The very first thing you will notice about Baccano is the catchy tune (Guns & Roses by Paradise Lunch) that accompanies the series' opening sequence, which you will find yourself humming for weeks to come. The second thing you will observe is the sheer number of characters referenced in that same opening sequence. Once the opening credits have run their course we delve into Baccano’s opening scene, which is a somewhat self-referential discussion of the complex tale about to be laid out for your viewing pleasure. This isn’t as simple a discussion as you might imagine - there’s talk of a ship; a train; of a multitude of “players”; where to even begin when telling such a tale; and of course the all important question of just who would be the main character? Given the contents of the series opening credits you may already have some inkling of the futility of such a question.
The tale begins in earnest with a trip to the backstreets of 1930s New York and an act of charity rewarded by an attempted mugging, which results in someone losing a few fingers with surprising consequences. It is at this point I have to mention that Baccano is absolutely not a series for the squeamish viewer - it is laced from start to finish with blood, violence and gore. From this point the story branches out in all directions, flitting about from one year to another. Mostly this revolves around the early 1930s, though it does go as far back as 1711 at some points. There is a mob war and a search for a fellow by the name of Dallas Genoard. There is a train, the Flying Pussyfoot, on which something went very, very wrong. There’s a galleon on which something mysterious occurred several hundred years ago. There are some small-time bandits with hearts of gold, a gang of illegal explosive sellers, multiple factions of violent lunatics, a variety of mobsters, hired goons and professional assassins, some immortals... and that’s just scratching the surface.

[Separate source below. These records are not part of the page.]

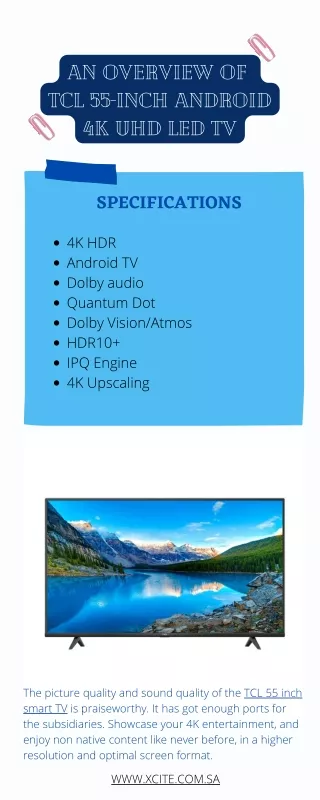 An Overview of TCL 55-inch Android 4K UHD LED TV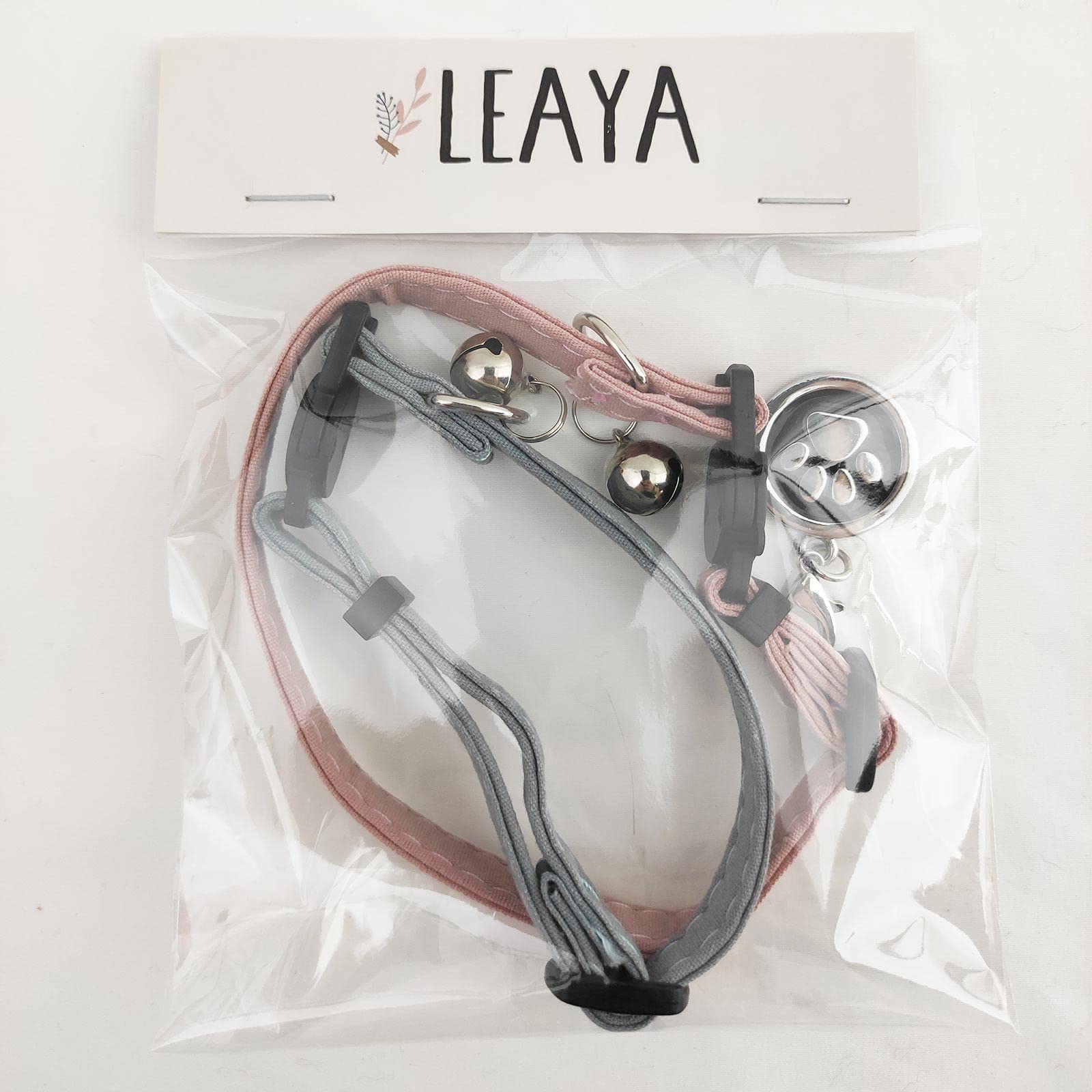 Amazon | Leaya 猫 首輪 2個セット ペット首輪 猫用首輪 迷子札付き 鈴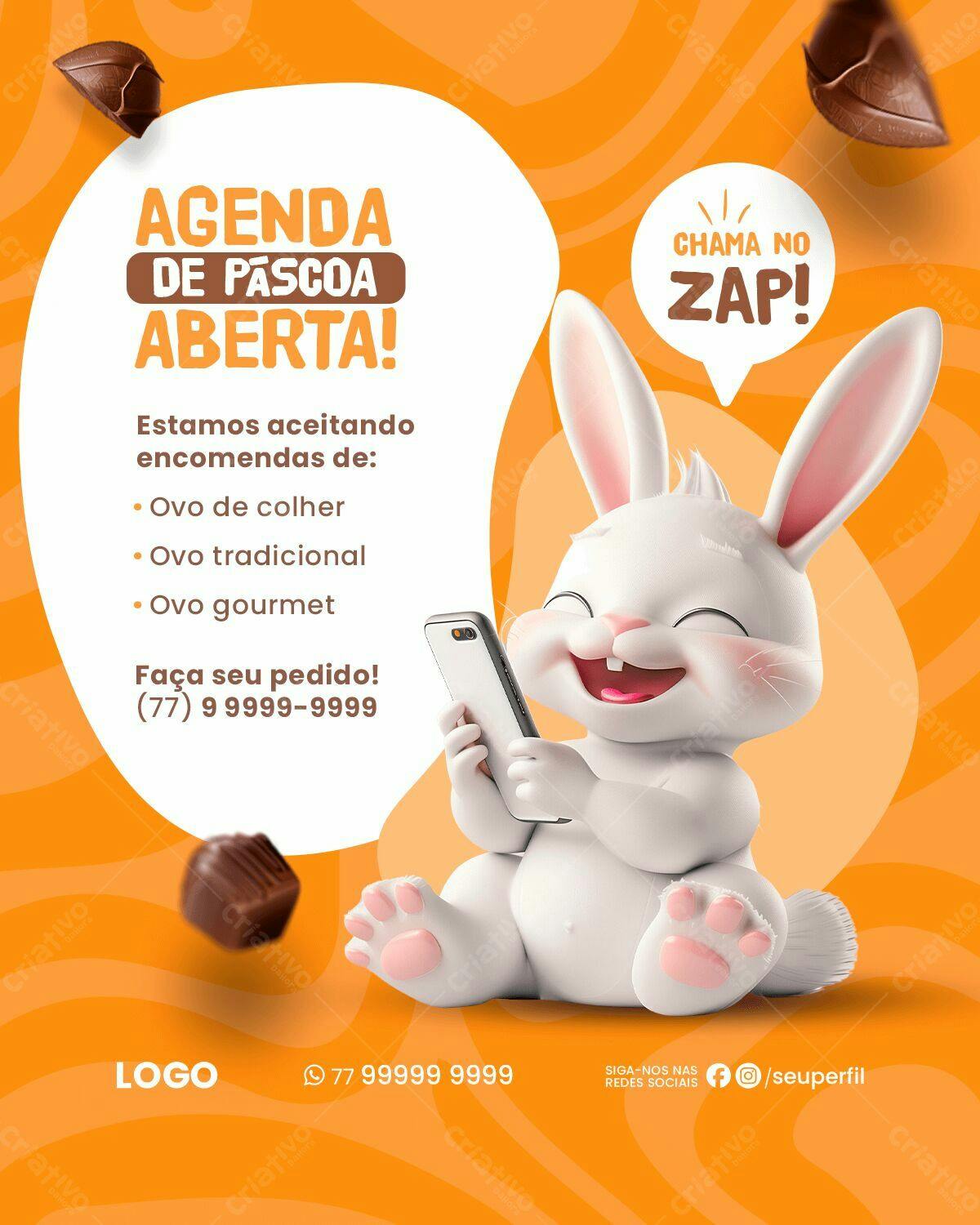 Flyer Páscoa com Coelho 3D PSD Editável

You may have gathered that Baccano is a massively complex series and requires a huge investment of thought to properly follow. This makes the first few episodes in particular very heavy going. However, it is extremely rewarding if you can manage to keep track of the cast and the multitude of events, dates and locations. There are so many story threads flying around, occurring at different times and in different places, that you will almost certainly struggle to keep track. This is a series that rewards repeat viewings, with new perspectives and previously missed details noticed in each new watch. Even with all that complexity the series still manages to tie all those threads together for a satisfying conclusion, masterfully bringing together events and providing an almost perfect conclusion in episode thirteen.
“Episode thirteen? But isn’t the series sixteen episodes long?” I hear you cry. Well, yes - episode thirteen was the end of the original series run, and the final three episodes were part of a later collection of episodes added to the DVD release. I would argue that the final three OVA episodes, while entertaining, add nothing to the series as a whole. If anything they may take away a little of the neatness from the conclusion of the series. They only really serve to answer questions that didn’t really need to be addressed and add a new character previously unreferenced in the series. If you consider the last three episodes as extras rather than a continuation of the series then their value is much clearer.
Our review of Manga Entertainment’s prior DVD-only release was somewhat critical of the video quality on offer, so I am pleased to report that there are no such problems with this Anime Limited HD treatment of the series. Despite being an upscale the series looks terrific on Blu-ray; Anime Limited have provided the definitive way to view this classic series. The audio is also solid, and Baccano is one of those rare series in which the English dub is preferable to the original Japanese. There’s just something about 1930s gangsters that needs an American accent.
When all is said and done Baccano is critically acclaimed and considered a classic for a reason. The way it weaves so many threads into its story and yet still reaches a satisfying conclusion almost defies belief. If you can manage to wade through it's complexity, especially in early episodes, the pay-off is more than worth it. Baccano is a series which should be on the "must watch" list of anyone who likes their anime to be a little more mature and thought-provoking then the norm. Unfortunately, we don’t have a retail copy on hand to comment on the package as a whole, though watch this space for a possible future update. However, judging by past Anime Limited releases and looking at the details they have released thus far it certainly appears as though they have done the series justice, potentially providing the definitive release for one of the classic must-own anime series of the past decade.